E così le ultime due palme del giardino “di Donatella” a Sanremo non ci sono più. Rimangono quattro palme basse nella parte di giardino comune, condominiale, tra gli eucalipti e l’olivo, ma chissà quanto dureranno anche loro…. Un vero flagello di Dio, il punteruolo rosso. Rhynchophorus ferrugineus è il nome scientifico: portatore di becco color ferro, più o meno; è un insetto molto bello, un grosso coleottero di color rossobruno brillante con macchie nere. Le larve, quelle che uccidono le palme, sono grasse e cicciotte e là dove il punteruolo è endemico, nel Sud-Est Asiatico, se le mangiano e fanno bene, sono sicuramente molto nutrienti.

Io non ho mai nascosto la mia scarsissima simpatia per le palme, che invece appassionano i veri sanremaschi (Donatella compresa), per i quali sono una parte della loro storia, esistono qui da secoli, ne vendevano le foglie alla curia papale per la Domenica delle Palme e agli ebrei di tutta Europa per le feste di Sukkot. E abbellivano la città quando qui si tenevano conferenze internazionali e venivano a svernare la zarina di Russia, il principe ereditario di Germania, il re del Siam… Il lungomare elegante della città si chiama Passeggiata Imperatrice in ricordo della zarina Maria Alexandrovna che per ringraziare la città che l’aveva ospitata donò le palme che adornano il lungomare medesimo.

Per me le Phoenix canariensis del giardino erano belle a vedersi ma sporcavano terribilmente e la loro manutenzione era costosa e impegnativa: nella chioma nidificano i topi, gli esemplari femmina producono centinaia di datteri (buoni per gli uccelli e i topi ma non per noi umani) che quando cadono a terra formano un tappeto di frutta marcia e appiccicosa, hanno spine lunghe dure e dolorose alla base dei rami e ogni pochi anni bisogna fare la potatura dei rami secchi, che costa non poco perché il potatore deve salire coi rampini su in alto e lo smaltimento di tutta ‘sta massa vegetale in discarica costa parecchio. Sinceramente, ora che ho pagato gli ultimi due capitozzamenti, d’ora in poi sarà un bel risparmio.
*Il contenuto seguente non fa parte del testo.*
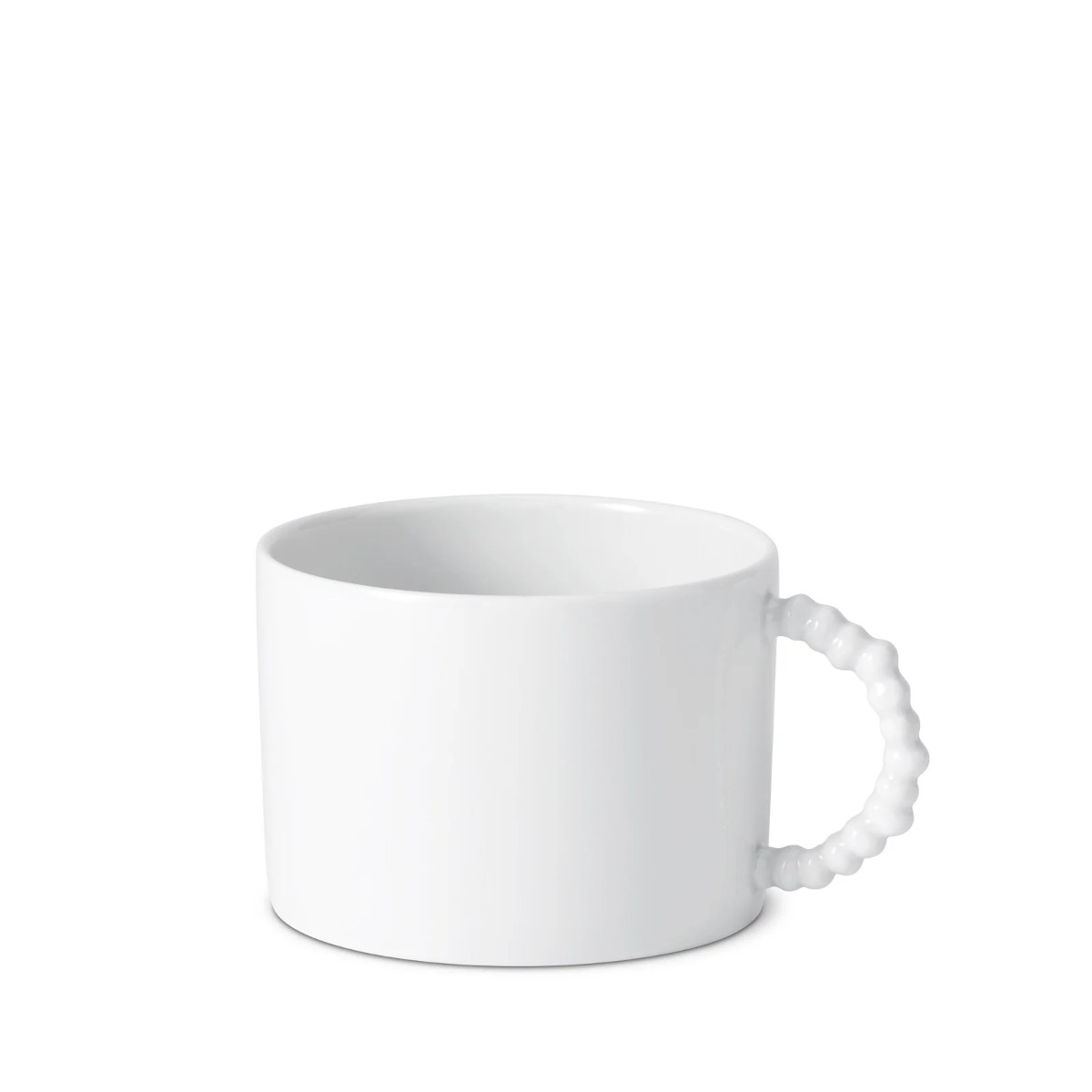 L’Objet | Haas Mojave Tea Cup | White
E comunque lo spazio aereo lasciato libero dalle palme non rimarrà libero a lungo perché alberi adolescenti fremono per conquistarsi la luce e l’aria disponibili: ci sono il nespolo (seminato nel 2002 e oggi alto tre metri ma un po’ esilino), il Secondo Pruno e il Secondo Olivo (nati spontanei una dozzina di anni fa), c’è un piccolo pino d’Aleppo forse figlio del Pino Storto, c’è un ragazzino allampanato dalle foglie chiare caduche nato tre anni fa che sospetto sia un olmo, arrivato da chissà dove… Questo giardino giungla era e giungla rimarrà, anche senza palme. In fondo si tratta del solito “mors tua vita mea” che fa funzionare l’universo da quando esso esiste.

Per cui tutto bene? Dal punto di vista giardinesco tutto bene, ma emotivamente assai meno. È un altro capitolo della vita che si conclude. Le palme, a prescindere da ciò che ne pensavo, erano l’elemento più forte del giardino. Ora sarà diverso. È normale che la vita continui attraverso i cambiamenti ma ogni cambiamento forte ha un impatto emotivo che richiede un po’ di tempo per essere metabolizzato. Oggi mi dispiace non aver amato le palme come amo tutti gli altri alberi di quel giardino, compresi i due immensi eucalipti che pur sporcano il terreno intorno come un branco di elefanti. Mi dispiace anche verso Donatella che si rattristava quando constatava la mia antipatia verso le “sue palme”. So bene che i rimpianti, sempre inevitabili quando l’interlocutore non c’è ormai più, non servono proprio a niente, però oggi chiedo scusa a loro e a lei, alle palme e alla loro signora. Ma quanto valgono le scuse postume??